El misionero inglés Charles T. Studd, que en su juventud fue un deportista destacado en su país y poseedor de una gran fortuna, cuenta que mientras estaba sirviendo en el interior de la China como misionero vivió experiencias muy dramáticas, pero también milagrosas.

Cierta vez se quedaron sin provisiones ni dinero. No había esperanza aparente de que llegaran suministros de ninguna fuente humana. El correo llegaba una vez cada quince días. El cartero había salido recién esa tarde y en quince días traería el correo de vuelta. Las cinco pequeñas hijas ya se habían acostado esa noche.
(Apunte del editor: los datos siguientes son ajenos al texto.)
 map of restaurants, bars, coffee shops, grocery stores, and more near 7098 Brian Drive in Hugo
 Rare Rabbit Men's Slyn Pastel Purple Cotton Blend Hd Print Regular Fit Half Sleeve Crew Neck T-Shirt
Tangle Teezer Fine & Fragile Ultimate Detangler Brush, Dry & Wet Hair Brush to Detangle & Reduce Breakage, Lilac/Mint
Entonces, la esposa se acercó a la pieza de charles Habían comprobado la realidad de la situación. Si el regreso del correo no traía ayuda, les esperaba el hambre. Decidieron tener una noche de oración. Se pusieron de rodillas con ese propósito. Pero después de unos veinte minutos se levantaron de nuevo. En esos veinte minutos habían dicho a Dios todo lo que tenían que decir. Sus corazones estaban aliviados; no les parecía ni reverente ni de sentido común que continuaran clamando a Dios como si fuera sordo o no pudiese comprender su lenguaje sencillo, o la gravedad de su circunstancia, o el valor de las palabras de su Hijo, quien declaró que Dios sabía todo antes de que se lo dijéramos.
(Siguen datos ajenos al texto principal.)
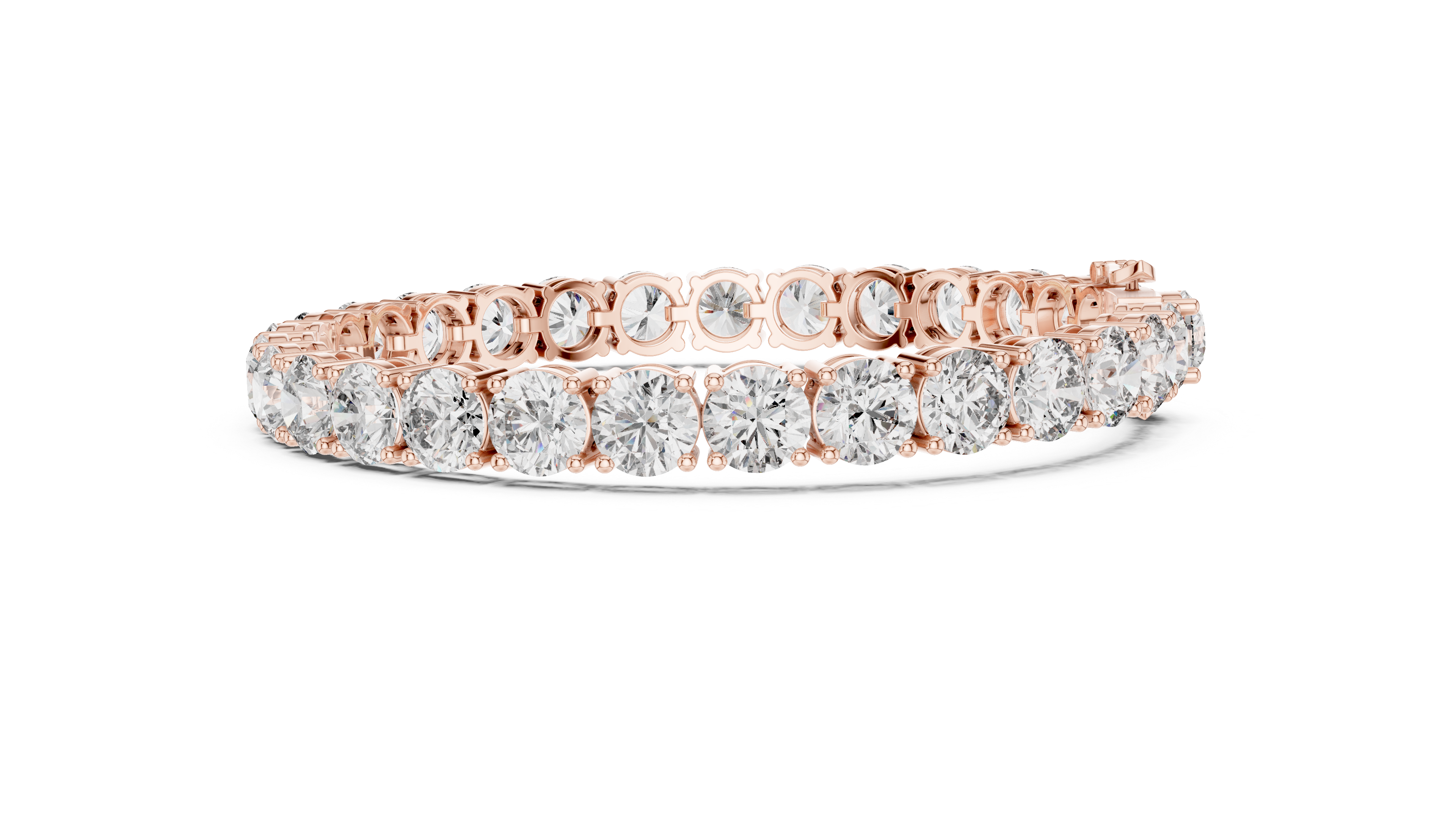 Round Rose Gold Moissanite Tennis Bracelet – Premium Round-Cut Brilliance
El correo volvió en el tiempo establecido. No demoraron en abrir la valija. Dieron una ojeada a las cartas; no había nada. Se miraron el uno al otro. Studd fue a la valija otra vez, la tomó de los ángulos inferiores y la sacudió boca abajo. Salió otra carta, pero la letra les era completamente desconocida. Otro desengaño. La abrió y empezó a leer.
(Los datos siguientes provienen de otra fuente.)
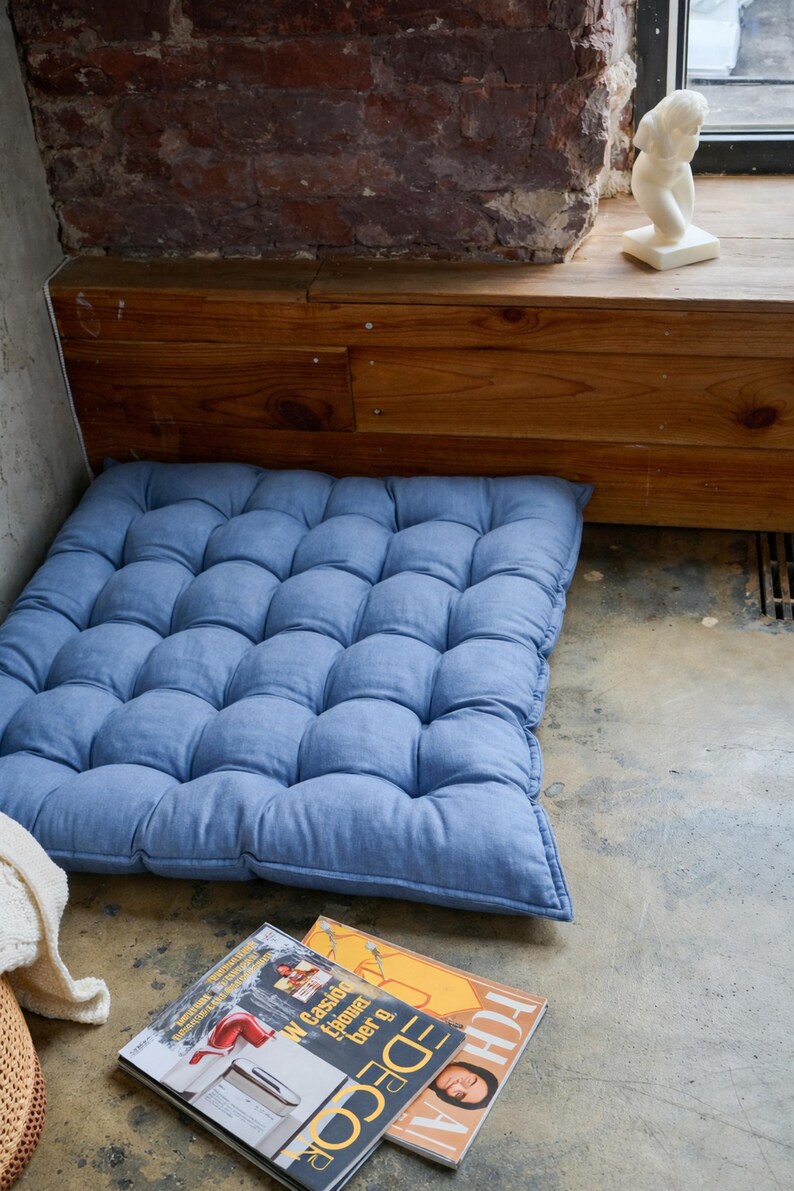 Large Floor Cushion for Reading Nooks and Low Seating, Linen Floor Pillow, Custom Bench Cushion image 12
Studd y su esposa Priscilla fueron totalmente diferentes después de la lectura de esa carta, y aún toda su vida fue diferente desde entonces. La firma les era totalmente desconocida. He aquí el contenido de la carta: “He recibido, por alguna razón u otra, el mandamiento de Dios de enviarle un cheque de 100 libras esterlinas. Nunca lo he visto, solamente he oído hablar de usted, y eso no hace mucho, pero Dios me ha privado del sueño esta noche con este mandamiento. Por qué me ha ordenado que le envíe esto, no lo sé. Usted sabrá mejor que yo. De cualquier modo, aquí va y espero que le sea provechoso.”

El nombre de ese hombre era Francisco Crossley. Nunca se habían visto ni escrito.

En «C.T. Studd, deportista y misionero», por Norman P. Grubb.